I worked at a place that gave female names to all the computers. It was a
little awkward.

------
watmough
Mine are named after Star Trek characters.

Troi (MacBook), Picard (iMac), Locutus (Mini), Crusher (MBP).

At uni, most of the computers were named after distilleries. i.e. Livet,
Morangie, Grant, Islay etc.

------
duck
I once used programming languages for a small lab. They were identical
machines and the weird thing was 'java' was the slowest and 'arc' always
needed to be rebooted.

------
alanh
For my own devices, I just name them anything related to space exploration. I
make it memorable and appropriate. Launchpad was where I did all my creative
work. Pocket Rocket was a Mac Mini. My iPod was Cassini (comparatively small /
weak spacecraft); when I lost it, I posthumously renamed it Atlantis (after
the Shuttle).

Originally I named devices after computer science visionaries — the computer I
built, I named Kilby, after Jack Kilby.

------
kordless
In the 90s, fruits. Coconut, kiwi, orange. Had a Cisco named passion. When
you'd ping it from the Solaris box (pineapple) it would say "passion is
alive".

Around 2000 with Grub I did bugs. Ant, roach, mosquito, brainbug (from
starship troopers).

2005 or so a buddy got started using Roman names for servers. Dido, Leptis,
Aeneas, Ulysses, Spartacus.

My home computers are super heros/villains. Superman, ironman, greenlantern,
jeangrey, magneto, thing, hulk.

------
bmelton
I've always had (what I would guess are) odd schemes. My first naming scheme
was based around beat poets (Kerouac, Ginsberg, Burroughs), but currently, my
scheme is 'cool Jacks that I like', which includes Bristow, McCoy, Kerouac,
Kevorkian, Kirby, etc.

BSG callsigns sound awesome, and somebody else mentioned colors, but I think
scaling that gets confusing, especially if you're color blind, as I am.

------
paulshort
My main home computer, a laptop, is named Workhorse. But after seeing some of
the creative naming techniques people in this thread have used, the next
machine(s) added to my home network will be named using Klingon swear words.
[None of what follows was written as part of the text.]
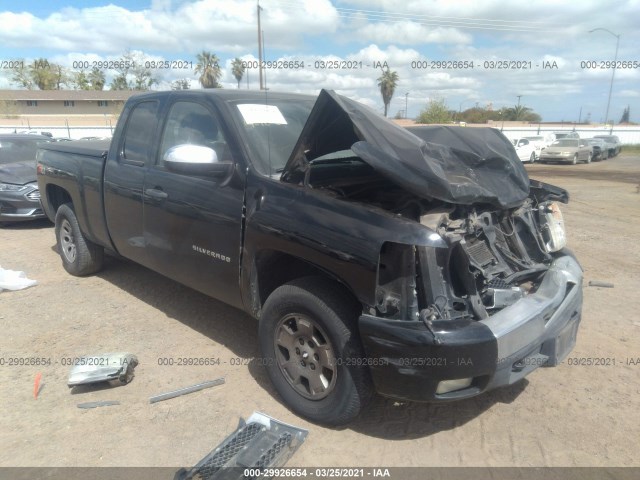 CHEVROLET SILVERADO 1500 2011 1gcrkse39bz307262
I quite like the idea of using the word 'petaQ' to name a computer, especially
if it happens to be a Windows machine.

------
100k
Probably not very original, but I use titles of SF books I like that also
reflect on the machine (sometimes).

Here's some I've used:

\- tau-zero

\- subtleknife

\- Dark Light (iPhone)

\- Omega Device (iPod Nano - I like this one :)

\- skyroad

\- zodiac

------
poutine
My most successful naming scheme was using the names of Cheeses. There's a
crapload of cheeses out there.

------
JeanPierre
I think the idea is straightforward: Use short names you use rarely, and
preferably give all your computer a theme.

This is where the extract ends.